Beyond the region, Kansas’ 1.23% year-to-date growth rate compares to a 2.17% rate for its income-taxing peer states and a 3.27% rate for states without an income tax.
Last month’s jobs update highlighted the industry supersectors comprising private-sector job growth in Kansas and Missouri to illustrate how monthly, point-to-point job growth spikes or declines in individual industries can have disproportionate effects in coloring a state’s job outlook positively or negatively for any given month. For one, each month’s estimates are preliminary and are often revised either upward or downward as time passes. Secondly, industries that are well-developed in one state may be virtually nonexistent in another state. As such, spikes or declines in these industries can overstate one state’s job growths or declines relative to those of another. The release of numbers for June gives us six months of 2015 data with which to illustrate this idea.
The adjacent table (with jobs reported in thousands and not seasonally adjusted) shows that Kansas experienced overall private-sector job of 1.17% compared to Missouri’s 1.21%. Unpacking each state’s growth individually though shows that Missouri experienced 53.1% year-to-date growth in the motor vehicle manufacturing industry. This is an industry that is essentially nonexistent in Kansas by virtue of being too small to meet BLS minimum reporting requirements. Similarly, Missouri’s aerospace manufacturing sector is also too small to report. Yet, the aerospace sector has a large footprint in Kansas, leaving Kansas uniquely affected by larger-scale, global fluctuations the sector undergoes even outside of the Sunflower State. Finally, the mining and logging sector—which encompasses oil and gas extraction—is one that can be measured in both Kansas and Missouri. However, this sector is also a largely global one that subjects Kansas and Missouri to larger-scale fluctuations in supply and demand that are outside of their control through state-level policy prescriptions or otherwise.

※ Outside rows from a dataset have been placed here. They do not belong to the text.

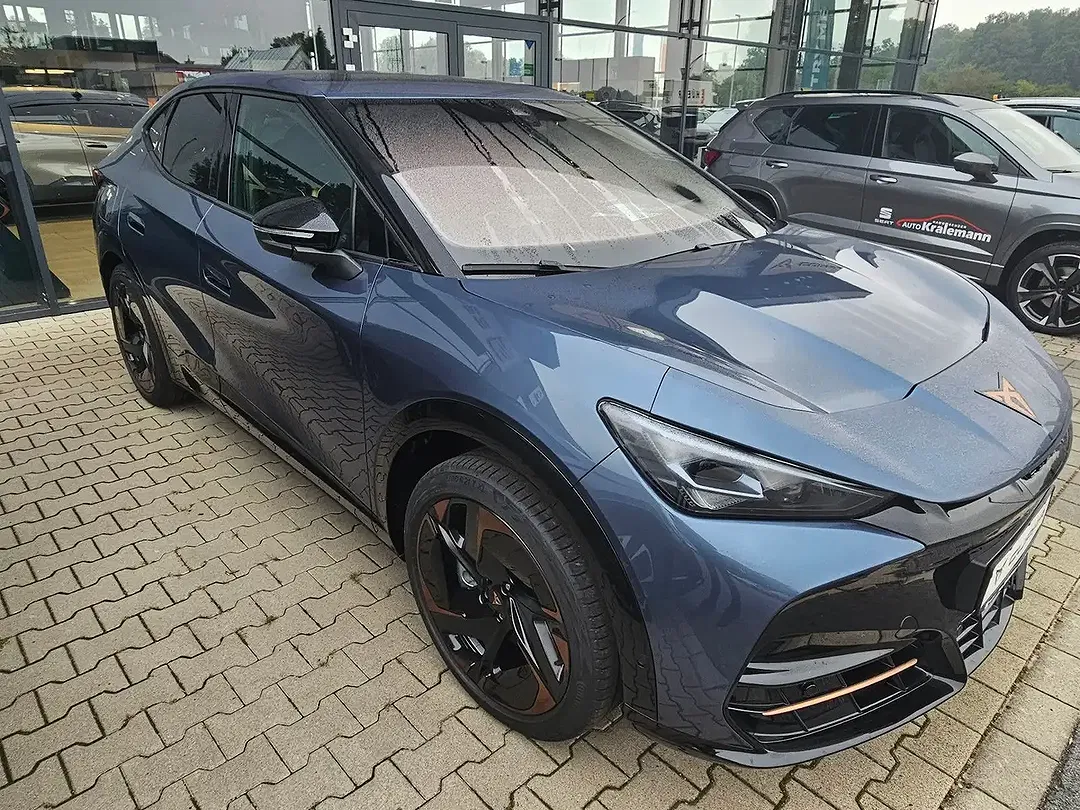 CUPRA Tavascan - Thumbnail 2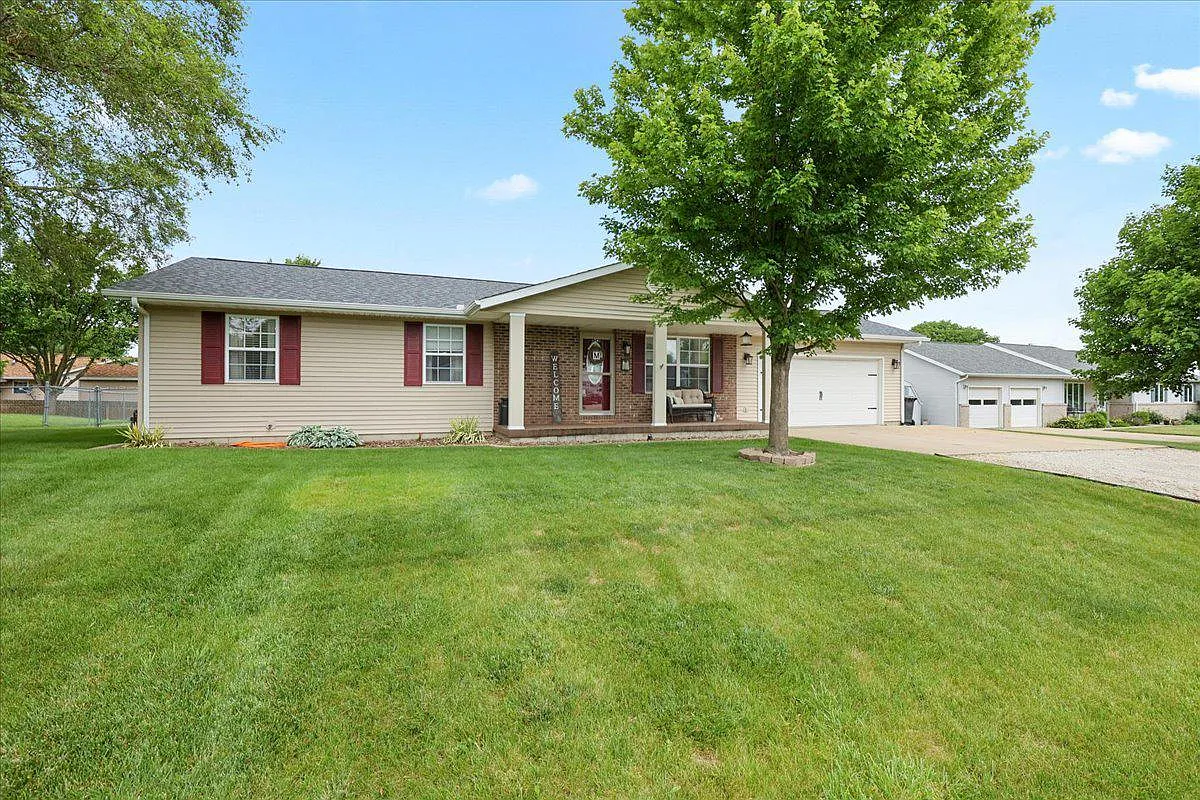 608 Ridge Rd photo 1
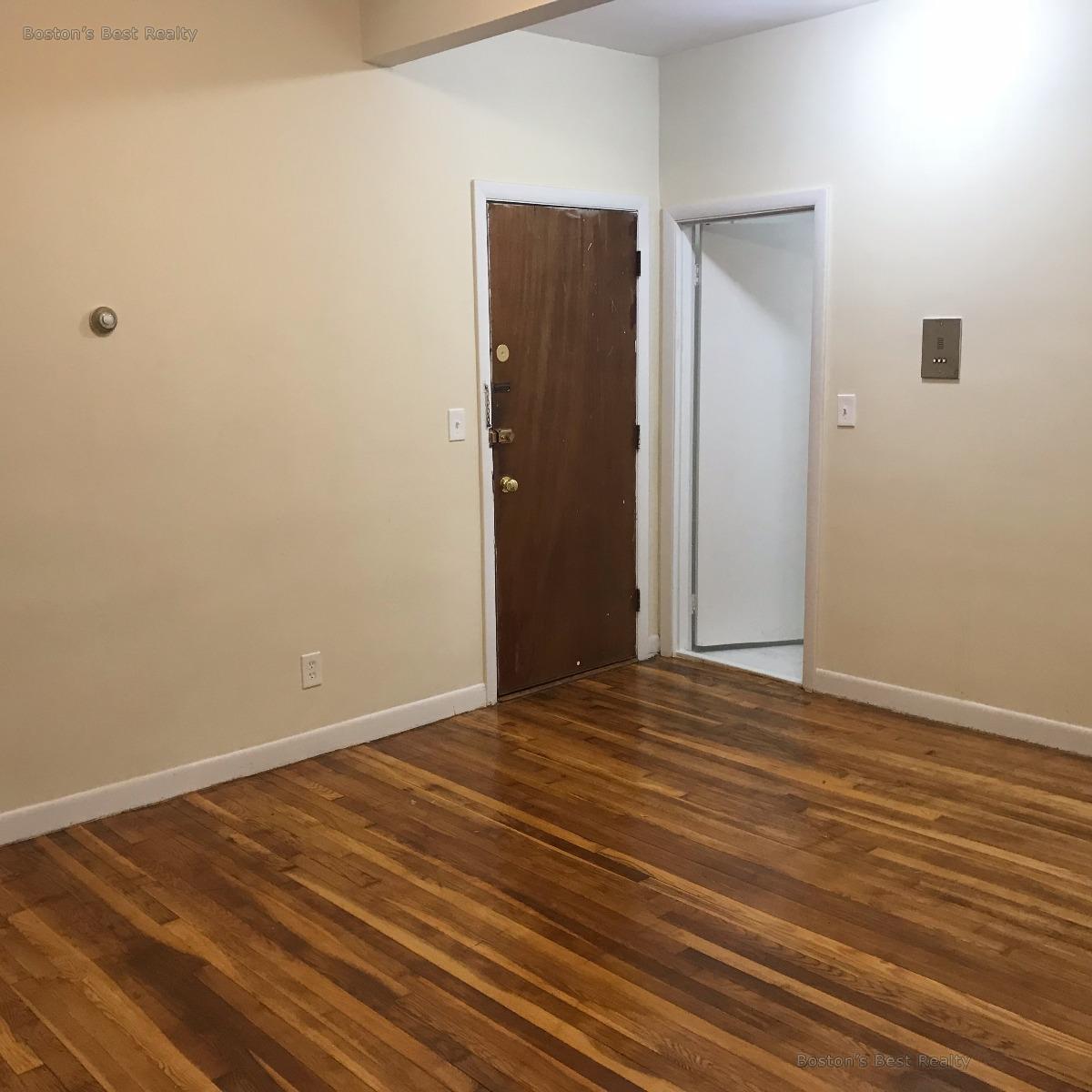 15 University Rd, Coolidge Corner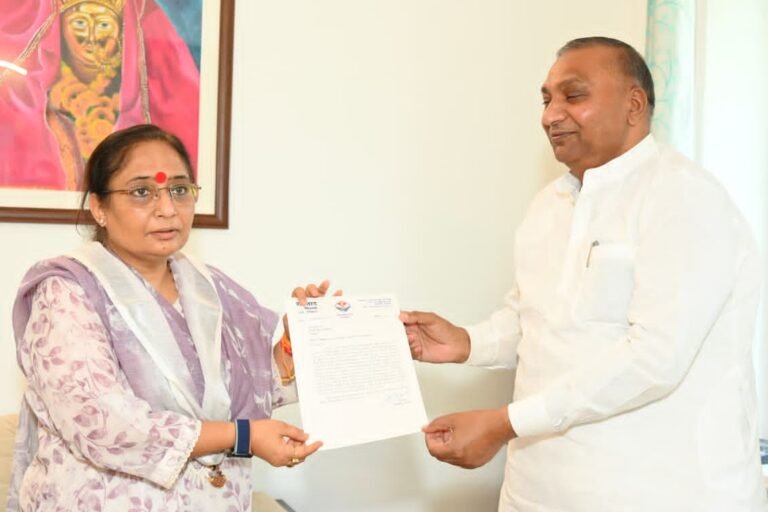 उत्तराखंड विधानसभा अध्यक्ष से मिले लक्सर विधायक, बीएसए की शिकायत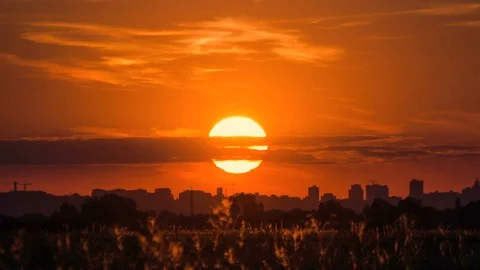 Huge sun at sunset. City going to sleep. Stock-Footage 81623293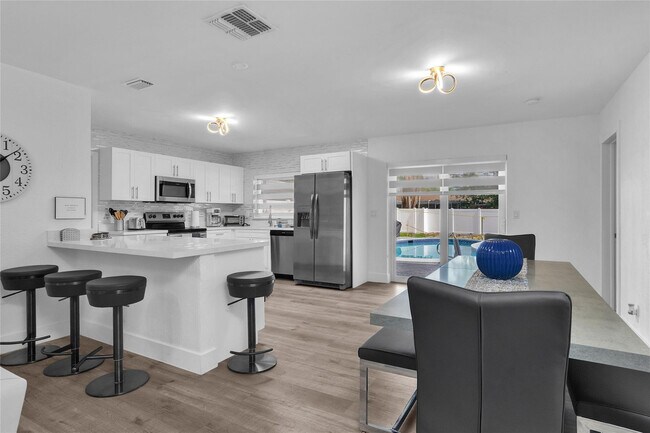 Building Photo - 5311 Pierce St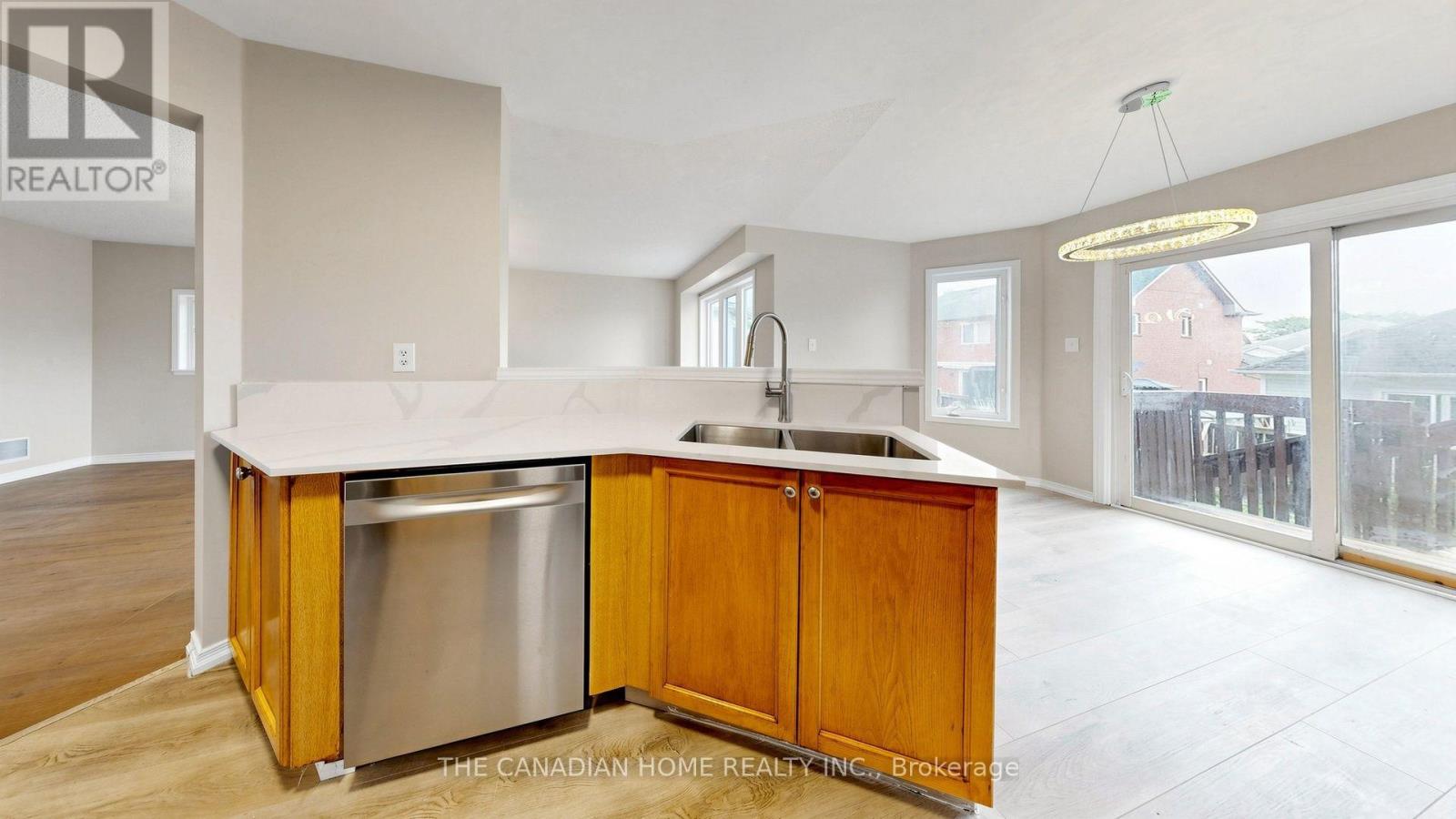 31 LAURENDALE AVENUE - 16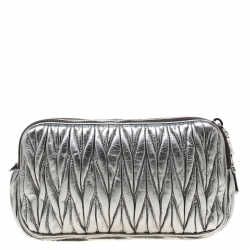 مملوكة مسبقًا Miu Miu Silver Matelasse Leather Double Zip Crossbody Bag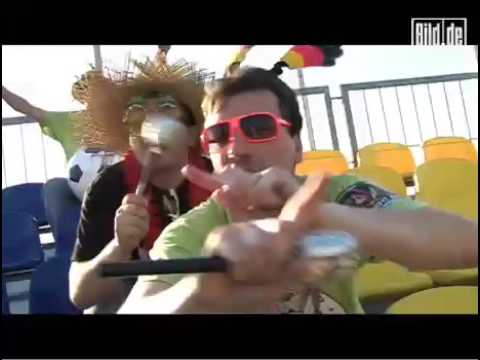 Atzen Musik BundesligaRückRap BILD.DE mit den Vapeilas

Just looking at “all other industries” outside of the four discussed above that are either disproportionately global or particularly active in one state but not in the other paints a far different private-sector job growth picture. By this measure, Kansas’ 1.55% year-to-date growth outpaces Missouri’s 0.88% growth by a wide margin. This finding is consistent with our contention from last month’s update that surface-level jobs numbers do not tell the whole story when it comes to signaling the overall health of a state’s economy. Instead, one must dig deeper to understand that economy’s moving parts while also separating monthly anomalies from potentially longer-term trends.